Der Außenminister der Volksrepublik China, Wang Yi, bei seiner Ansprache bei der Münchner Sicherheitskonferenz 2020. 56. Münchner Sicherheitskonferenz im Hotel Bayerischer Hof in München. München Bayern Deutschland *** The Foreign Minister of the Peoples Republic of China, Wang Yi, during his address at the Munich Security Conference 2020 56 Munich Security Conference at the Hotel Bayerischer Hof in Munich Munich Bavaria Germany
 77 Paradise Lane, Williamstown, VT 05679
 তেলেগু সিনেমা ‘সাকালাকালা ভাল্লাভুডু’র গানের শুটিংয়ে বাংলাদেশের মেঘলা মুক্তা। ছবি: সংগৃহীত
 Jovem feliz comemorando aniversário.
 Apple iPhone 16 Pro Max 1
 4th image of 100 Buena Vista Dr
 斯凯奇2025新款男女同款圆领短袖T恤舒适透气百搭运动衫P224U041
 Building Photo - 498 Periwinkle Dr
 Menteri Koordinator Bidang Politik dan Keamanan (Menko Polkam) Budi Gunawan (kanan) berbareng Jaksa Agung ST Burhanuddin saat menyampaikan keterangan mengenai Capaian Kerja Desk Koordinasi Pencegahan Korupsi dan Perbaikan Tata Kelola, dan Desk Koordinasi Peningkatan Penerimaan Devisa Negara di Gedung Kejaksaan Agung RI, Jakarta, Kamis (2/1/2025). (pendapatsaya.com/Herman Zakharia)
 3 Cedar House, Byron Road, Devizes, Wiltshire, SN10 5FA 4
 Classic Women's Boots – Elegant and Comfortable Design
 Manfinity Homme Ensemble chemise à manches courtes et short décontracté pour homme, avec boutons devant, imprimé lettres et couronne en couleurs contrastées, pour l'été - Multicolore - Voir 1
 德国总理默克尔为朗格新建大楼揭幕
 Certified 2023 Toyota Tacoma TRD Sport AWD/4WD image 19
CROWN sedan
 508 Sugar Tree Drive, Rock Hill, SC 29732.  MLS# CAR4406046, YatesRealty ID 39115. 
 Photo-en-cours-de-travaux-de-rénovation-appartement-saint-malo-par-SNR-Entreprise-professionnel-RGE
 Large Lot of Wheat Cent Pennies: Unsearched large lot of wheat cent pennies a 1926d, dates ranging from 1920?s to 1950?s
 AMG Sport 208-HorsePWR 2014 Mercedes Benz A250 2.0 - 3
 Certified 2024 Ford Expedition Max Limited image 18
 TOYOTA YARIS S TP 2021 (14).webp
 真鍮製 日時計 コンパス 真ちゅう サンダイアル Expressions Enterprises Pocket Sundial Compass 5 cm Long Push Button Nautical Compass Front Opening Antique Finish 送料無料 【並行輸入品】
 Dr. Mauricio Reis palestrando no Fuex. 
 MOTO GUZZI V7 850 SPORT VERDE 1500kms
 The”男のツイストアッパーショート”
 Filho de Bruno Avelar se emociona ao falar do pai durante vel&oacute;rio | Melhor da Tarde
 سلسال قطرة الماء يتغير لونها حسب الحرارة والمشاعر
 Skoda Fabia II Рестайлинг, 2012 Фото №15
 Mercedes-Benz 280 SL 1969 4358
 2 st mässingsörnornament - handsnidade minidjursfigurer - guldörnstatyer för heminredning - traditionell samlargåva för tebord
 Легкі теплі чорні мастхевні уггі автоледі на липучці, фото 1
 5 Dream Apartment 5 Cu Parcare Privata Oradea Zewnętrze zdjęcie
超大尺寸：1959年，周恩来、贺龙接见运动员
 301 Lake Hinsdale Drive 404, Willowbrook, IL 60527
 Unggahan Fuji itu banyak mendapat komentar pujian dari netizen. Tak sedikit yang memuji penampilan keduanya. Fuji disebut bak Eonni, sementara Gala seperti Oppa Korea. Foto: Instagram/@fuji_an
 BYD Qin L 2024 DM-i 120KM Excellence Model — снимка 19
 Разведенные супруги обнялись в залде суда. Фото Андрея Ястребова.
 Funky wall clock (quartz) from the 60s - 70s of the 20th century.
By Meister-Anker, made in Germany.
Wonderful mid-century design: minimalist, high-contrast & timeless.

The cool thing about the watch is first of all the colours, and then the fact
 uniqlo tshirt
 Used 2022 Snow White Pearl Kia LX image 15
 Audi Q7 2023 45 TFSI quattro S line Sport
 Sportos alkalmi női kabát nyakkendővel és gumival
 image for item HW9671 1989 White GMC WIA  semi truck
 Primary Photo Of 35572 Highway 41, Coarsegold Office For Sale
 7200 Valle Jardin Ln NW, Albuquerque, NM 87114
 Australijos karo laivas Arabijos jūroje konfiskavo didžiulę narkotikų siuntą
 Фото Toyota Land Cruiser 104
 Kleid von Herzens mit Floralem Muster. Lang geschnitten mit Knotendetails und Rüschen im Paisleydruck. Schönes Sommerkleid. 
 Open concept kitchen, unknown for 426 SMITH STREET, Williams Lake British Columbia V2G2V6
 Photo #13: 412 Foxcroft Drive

========================================

WHAT THE EXERCISE ASKS: Everything in the material above should be output exactly.

EXPECTED OUTPUT:
Der Außenminister der Volksrepublik China, Wang Yi, bei seiner Ansprache bei der Münchner Sicherheitskonferenz 2020. 56. Münchner Sicherheitskonferenz im Hotel Bayerischer Hof in München. München Bayern Deutschland *** The Foreign Minister of the Peoples Republic of China, Wang Yi, during his address at the Munich Security Conference 2020 56 Munich Security Conference at the Hotel Bayerischer Hof in Munich Munich Bavaria Germany
 77 Paradise Lane, Williamstown, VT 05679
 তেলেগু সিনেমা ‘সাকালাকালা ভাল্লাভুডু’র গানের শুটিংয়ে বাংলাদেশের মেঘলা মুক্তা। ছবি: সংগৃহীত
 Jovem feliz comemorando aniversário.
 Apple iPhone 16 Pro Max 1
 4th image of 100 Buena Vista Dr
 斯凯奇2025新款男女同款圆领短袖T恤舒适透气百搭运动衫P224U041
 Building Photo - 498 Periwinkle Dr
 Menteri Koordinator Bidang Politik dan Keamanan (Menko Polkam) Budi Gunawan (kanan) berbareng Jaksa Agung ST Burhanuddin saat menyampaikan keterangan mengenai Capaian Kerja Desk Koordinasi Pencegahan Korupsi dan Perbaikan Tata Kelola, dan Desk Koordinasi Peningkatan Penerimaan Devisa Negara di Gedung Kejaksaan Agung RI, Jakarta, Kamis (2/1/2025). (pendapatsaya.com/Herman Zakharia)
 3 Cedar House, Byron Road, Devizes, Wiltshire, SN10 5FA 4
 Classic Women's Boots – Elegant and Comfortable Design
 Manfinity Homme Ensemble chemise à manches courtes et short décontracté pour homme, avec boutons devant, imprimé lettres et couronne en couleurs contrastées, pour l'été - Multicolore - Voir 1
 德国总理默克尔为朗格新建大楼揭幕
 Certified 2023 Toyota Tacoma TRD Sport AWD/4WD image 19
CROWN sedan
 508 Sugar Tree Drive, Rock Hill, SC 29732.  MLS# CAR4406046, YatesRealty ID 39115. 
 Photo-en-cours-de-travaux-de-rénovation-appartement-saint-malo-par-SNR-Entreprise-professionnel-RGE
 Large Lot of Wheat Cent Pennies: Unsearched large lot of wheat cent pennies a 1926d, dates ranging from 1920?s to 1950?s
 AMG Sport 208-HorsePWR 2014 Mercedes Benz A250 2.0 - 3
 Certified 2024 Ford Expedition Max Limited image 18
 TOYOTA YARIS S TP 2021 (14).webp
 真鍮製 日時計 コンパス 真ちゅう サンダイアル Expressions Enterprises Pocket Sundial Compass 5 cm Long Push Button Nautical Compass Front Opening Antique Finish 送料無料 【並行輸入品】
 Dr. Mauricio Reis palestrando no Fuex. 
 MOTO GUZZI V7 850 SPORT VERDE 1500kms
 The”男のツイストアッパーショート”
 Filho de Bruno Avelar se emociona ao falar do pai durante vel&oacute;rio | Melhor da Tarde
 سلسال قطرة الماء يتغير لونها حسب الحرارة والمشاعر
 Skoda Fabia II Рестайлинг, 2012 Фото №15
 Mercedes-Benz 280 SL 1969 4358
 2 st mässingsörnornament - handsnidade minidjursfigurer - guldörnstatyer för heminredning - traditionell samlargåva för tebord
 Легкі теплі чорні мастхевні уггі автоледі на липучці, фото 1
 5 Dream Apartment 5 Cu Parcare Privata Oradea Zewnętrze zdjęcie
超大尺寸：1959年，周恩来、贺龙接见运动员
 301 Lake Hinsdale Drive 404, Willowbrook, IL 60527
 Unggahan Fuji itu banyak mendapat komentar pujian dari netizen. Tak sedikit yang memuji penampilan keduanya. Fuji disebut bak Eonni, sementara Gala seperti Oppa Korea. Foto: Instagram/@fuji_an
 BYD Qin L 2024 DM-i 120KM Excellence Model — снимка 19
 Разведенные супруги обнялись в залде суда. Фото Андрея Ястребова.
 Funky wall clock (quartz) from the 60s - 70s of the 20th century.
By Meister-Anker, made in Germany.
Wonderful mid-century design: minimalist, high-contrast & timeless.

The cool thing about the watch is first of all the colours, and then the fact
 uniqlo tshirt
 Used 2022 Snow White Pearl Kia LX image 15
 Audi Q7 2023 45 TFSI quattro S line Sport
 Sportos alkalmi női kabát nyakkendővel és gumival
 image for item HW9671 1989 White GMC WIA  semi truck
 Primary Photo Of 35572 Highway 41, Coarsegold Office For Sale
 7200 Valle Jardin Ln NW, Albuquerque, NM 87114
 Australijos karo laivas Arabijos jūroje konfiskavo didžiulę narkotikų siuntą
 Фото Toyota Land Cruiser 104
 Kleid von Herzens mit Floralem Muster. Lang geschnitten mit Knotendetails und Rüschen im Paisleydruck. Schönes Sommerkleid. 
 Open concept kitchen, unknown for 426 SMITH STREET, Williams Lake British Columbia V2G2V6
 Photo #13: 412 Foxcroft Drive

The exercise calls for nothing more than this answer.